This former Trump aide just launched a new group -- and it's both pathetic and shady as hell
Stephen Miller speaks to NBC News (screen grab)

Former White House senior advisor Stephen Miller appeared on Fox News today to hawk a new conservative legal group he has formed to sue the Biden administration on behalf of white people whenever possible.

During an interview by Fox host Maria Bartiromo, Miller's advised listeners "to go to aflegal.org to find out more, that's aflegal.org and you learn all about it" with regard to his America First Legal Foundation (AFL).

So I did.

I can't say for sure that I really "learned all about it." No doubt, the basic mission's clear enough:

"Fight Back Against Lawless Executive Actions and the Radical Left."
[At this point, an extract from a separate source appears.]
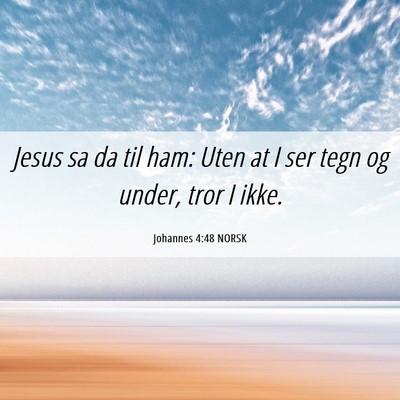 Picture 06 - Johannes 4:48 NORSK - Jesus sa da til ham: Uten at I ser tegn og under, - Bible Verse Picture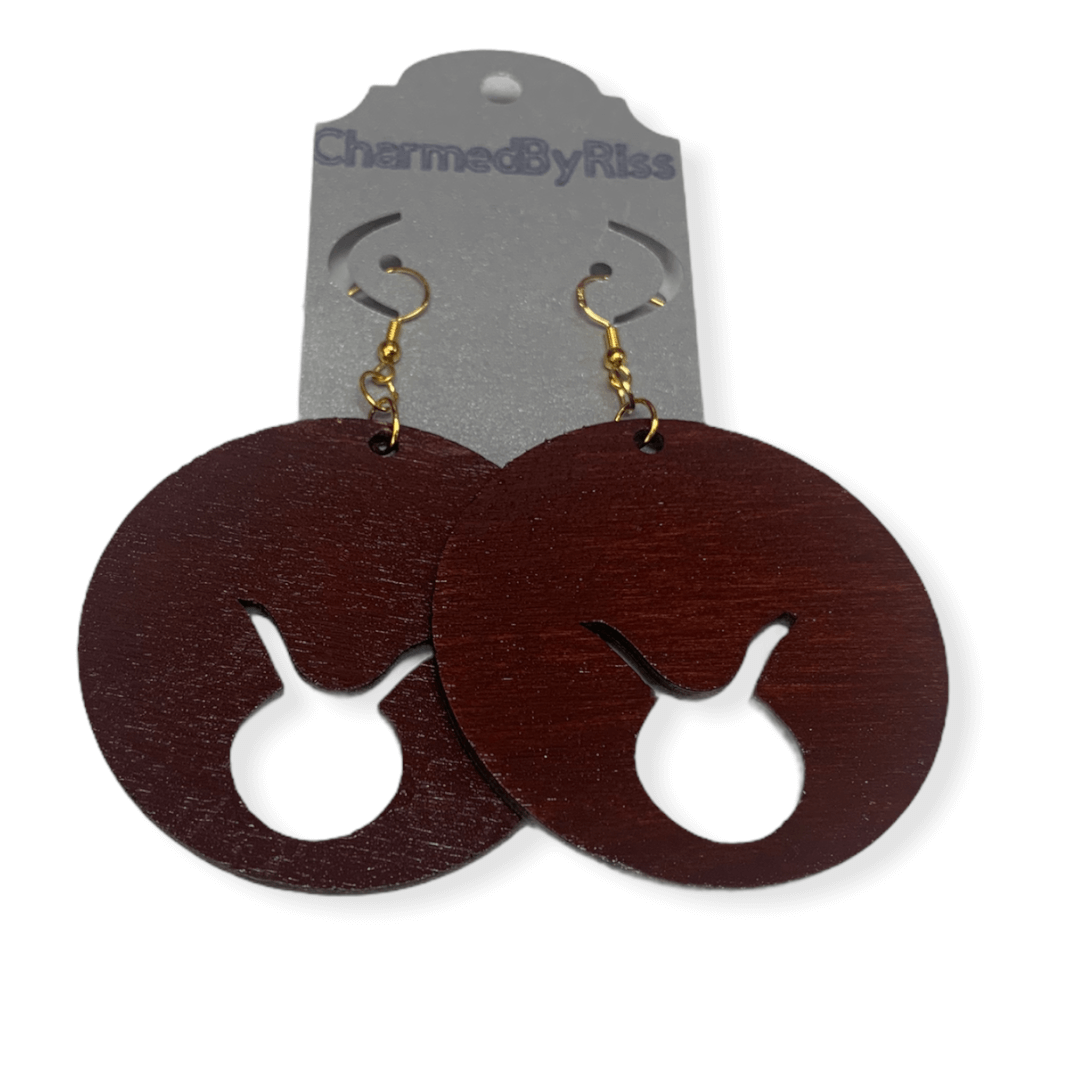 ZODIAC EARRINGS 5043 | HANDPAINTED-WOODSTAINED LIGHTWEIGHT EARRINGS Charmed By Riss Handmade Custom Jewelry & Gift Boutique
It continues: "All citizens deserve a government that puts their needs and their country first. This is the system of law established by our Founding Fathers. America First principles are now under attack like never before. Our security, our sovereignty, and our liberty are being systematically dismantled. There is only way to stop the constant onslaught from the radical liberals in Washington: take them to court. And that is what we are here to do."
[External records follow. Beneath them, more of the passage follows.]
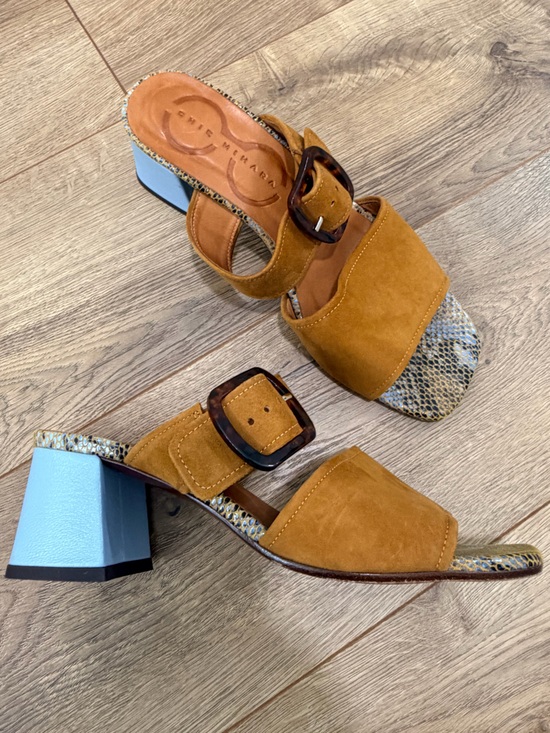 Chie Mihara Shoes - CHIE MIHARA Linka sandal in snake, suede with blue heel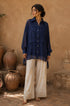 Celestial Chanderi Embroidered Indigo Shirt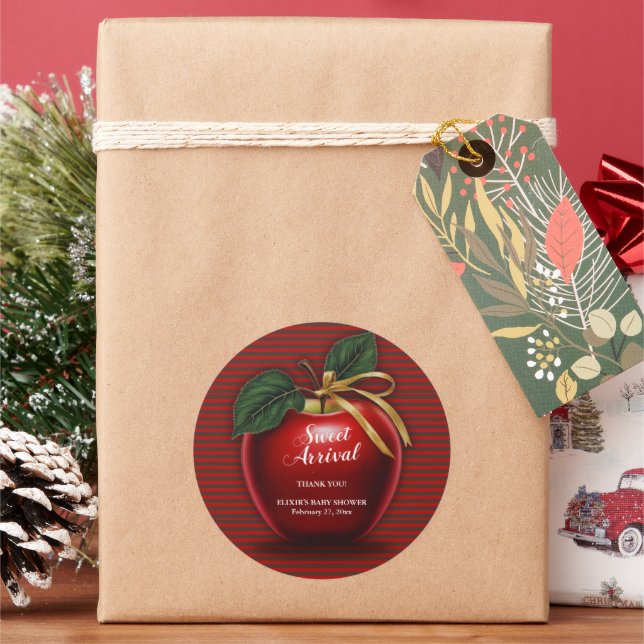 Adesivo Redondo Chá de fraldas Vermelho da Apple, doce chegada (Feriado)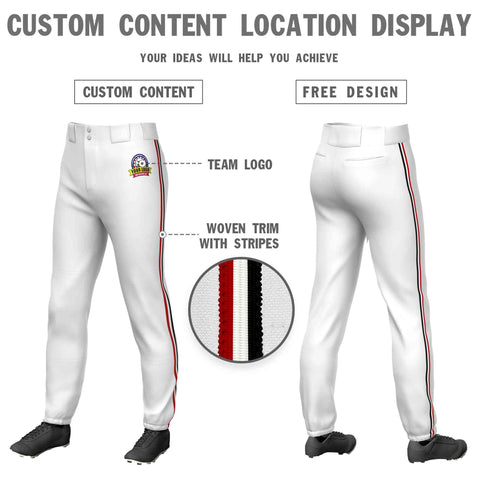 Custom White Red White-Black Classic Fit Stretch Practice Pull-up Baseball Pants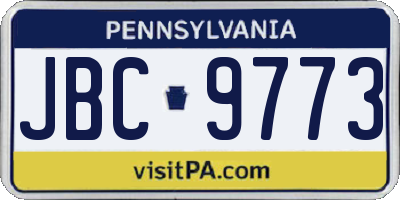 PA license plate JBC9773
Understood. But once you click on "Join the Fight," things get a bit murkier. For example, right above the opportunity to donate is a disclosure that this group -- formed to take on radical liberals by suing them-- has an application pending with the IRS to become designated a 501 (c) (3) tax-exempt organization.

I'm no accountant, but I'm pretty certain that this is the status given to apolitical, educational or charitable groups. This is the IRS' take on that subject.

But I suppose in the worst case, my quarterly donation of 5 cents would not be tax deductible.

There is a news section, linking five stories in the past month. The first was about the founding of AFL, which identified Miller as the group's president. There's a press release attacking President Joe Biden over gun policy and three righteous legal activities right out of the blocks: 1) joining Texas's lawsuit against the Biden Administration border policies as outside counsel; 2) suing Biden on behalf of white farmers and ranchers; and 3) a brief in Texas Supreme Court "to remedy San Antonio's cancelling of Chick-Fil-A."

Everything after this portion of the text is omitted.